Viele identifizieren sich mit der Figur des Stefan. Sein Konflikt ist der komplexeste. Er verbirgt seine Schuldgefühle hinter einer Fassade aus Souveränität und Machismo. Um sich unbequeme Fragen vom Leib zu halten, spielt er den Ankläger. Der Angeklagte ist Christoph, der in der besagten Nacht eigentlich Wachschicht hatte. Aber Christoph hat Seife gefressen, bis er kotzen konnte, und sich krank gemeldet, um nicht in die Zwickmühle zwischen Freundschaft und Schießbefehl zu kommen. Stefan musste seine Schicht übernehmen, ahnungslos. Im Grunde ist Christoph ein Überläufer, jemand, der nicht da ist, wenn man ihn braucht. Und für jemanden wie Stefan ist Christoph längst ein Wessi. Er hat das gute Ende der Geschichte erwischt, denn er lebt mit Silvia zusammen, der Ex-Freundin von Alexander, und ist mit ihr und einem gemeinsamen Sohn im bürgerlichen Leben angekommen. Eine Zuschauerin schlägt vor, das Verhältnis von Westlern und Ostlern wie die Beziehung zwischen Silvia und Christoph zu sehen. Silvia ist die einzige, die nicht weiß, was in der besagten Nacht passiert ist. Sie geht in die Gauck-Behörde und sieht ihre Stasi-Akte ein. Zwischen all den geschwärzten Stelle stößt sie auf Alexanders Abschiedsbrief, den sie nie bekommen hat. Und als Christoph sie fragt, warum sie die Geschichte nicht auf sich beruhen lassen könne, sagt Silvia: "Ich will nicht, dass unser Leben auf einer Lüge aufbaut." Einem Publikum wie dem in Güstrow muss man das nicht zweimal sagen.

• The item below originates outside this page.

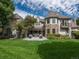 Exterior view of a beautiful house with manicured lawn and outdoor patio, ideal for gatherings and entertaining at 18 Foxtail Cir, Englewood, CO 80113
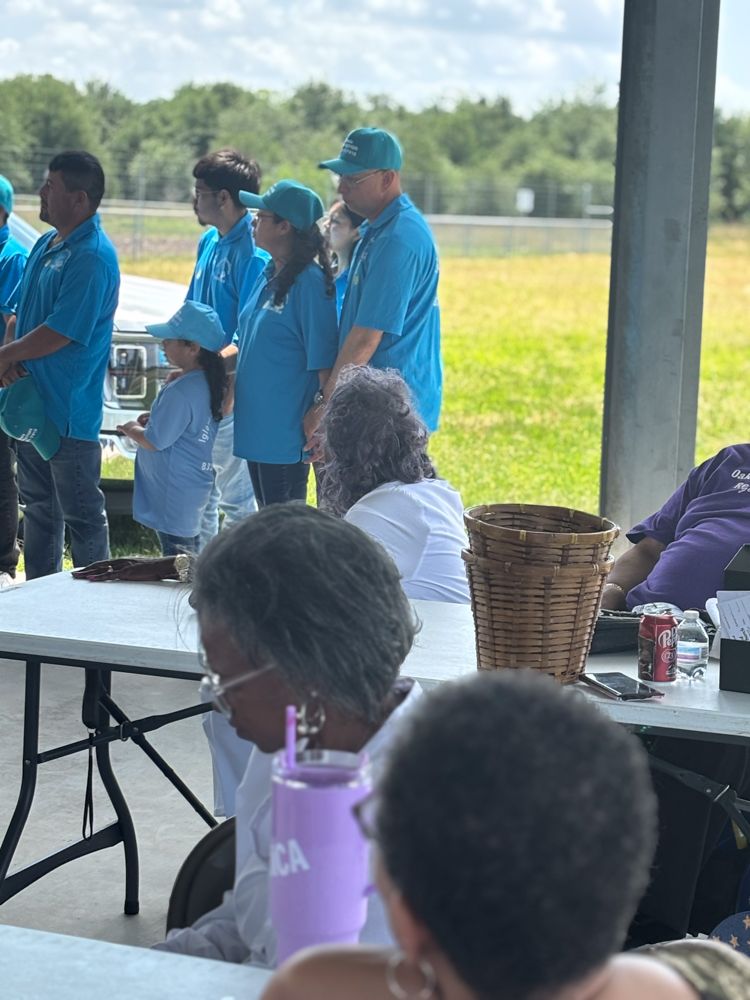 A group of people in blue shirts are standing around tables.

Eine Lehrerin findet dennoch, dass sich der Film zu vieler Klischees bediene. Es fehlt ihr der Tiefgang, manches sei missverständlich. "Wir verstehen das ja", sagt sie und meint damit alle, die wie sie die DDR noch als Erwachsene erlebt haben. "Aber die jungen Leute, verstehen die das auch?" Einer von denen dreht sich zu ihr um und sein Blick besagt: "Wenn ich es nicht verstehe, dann erklär es mir doch." Die Grenze zwischen denen, die angeblich nichts verstehen, und denen, die dabei waren, verläuft eben nicht mehr nur zwischen Ost und West, sondern auch zwischen den Generationen. Und die Klage über das mangelnde Verständnis der anderen läuft Gefahr zu einer Schutzbehauptung zu werden, mit der sich die Zeitzeugen ihre Wahrheit konservieren.

Als der Saal sich leert, tritt ein Lehrer an Karsten heran. Sein Anliegen ist nicht für die Öffentlichkeit bestimmt. Auch im Film gibt es einen Lehrer. Der Vater des toten Alexander war Schulleiter und wurde von der Stasi vor die Wahl gestellt, entweder die offizielle Version vom Tod seines Sohnes zu schlucken oder in den niederen Dienst versetzt zu werden. Er hat sich fürs Schweigen entschieden, und für den höheren Dienst. "Dazu hätte man mehr erklären müssen", meint der Lehrer in Güstrow. Aber das wollte er vor den jungen Leuten nicht sagen. "Warum denn nicht?" fragt ihn Karsten. "Weil die das doch nicht verstehen", meint der Lehrer. Solange es bequemer ist, sich mit den Vorurteilen der anderen abzufinden, als ihre Fragen zu beantworten, wird sich daran wohl auch nichts ändern.

Draußen auf dem Parkplatz wartet Jens-Hagen Schwadt mit der Filmkopie zum Weitertransport nach Ribnitz-Damgarten. Er ist verstimmt. Eine Studentin hatte während der Diskussion eine dumme Frage gestellt, weil sie den toten Alexander mit dem lebenden Christoph verwechselt hatte. Es wurde gefeixt. Ihm war es peinlich. "Dabei ist die sonst die beste", ärgert sich Schwadt über die Frau, und man bekommt eine Ahnung davon, dass nicht nur der Kulturschaffende sein Kreuz zu tragen hat, sondern dass es auch nicht leicht ist, Publikum zu sein bei einem "besonderen Film".